Stored data:
____
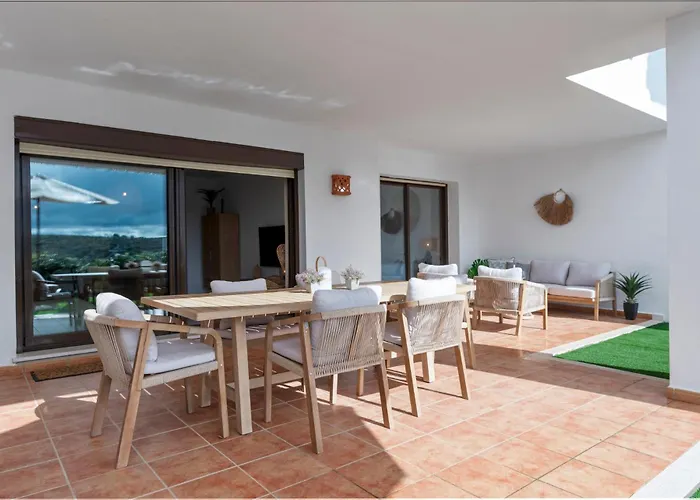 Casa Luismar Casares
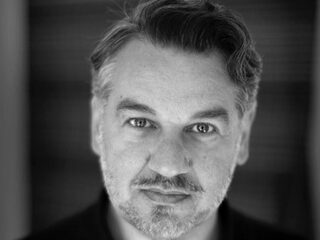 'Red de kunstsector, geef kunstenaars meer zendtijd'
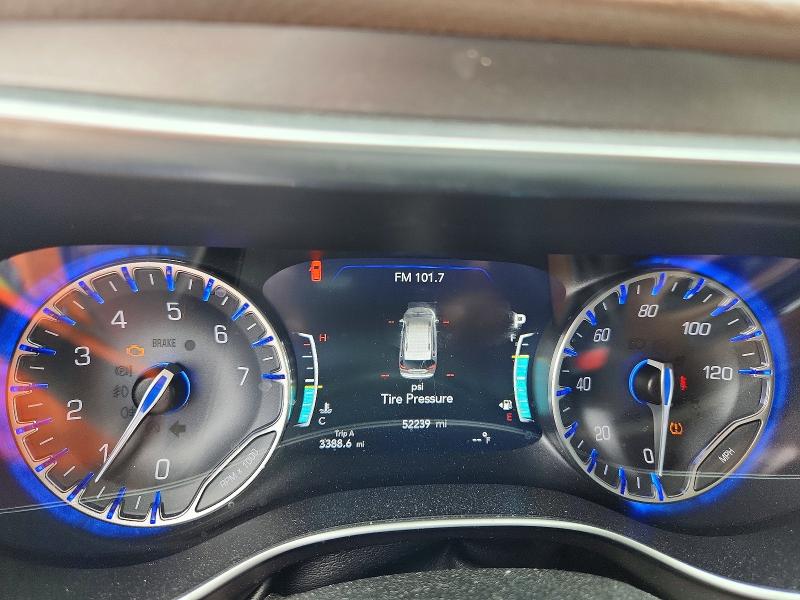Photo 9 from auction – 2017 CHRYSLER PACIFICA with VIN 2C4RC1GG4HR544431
____
How to complete this task: Starting at the line with "kunstenaars meer zendtijd'" and stopping at the final line of the material, reproduce each line exactly, both ends included. Leave the pictures out.

Answer to this problem:
 'Red de kunstsector, geef kunstenaars meer zendtijd'
Photo 9 from auction – 2017 CHRYSLER PACIFICA with VIN 2C4RC1GG4HR544431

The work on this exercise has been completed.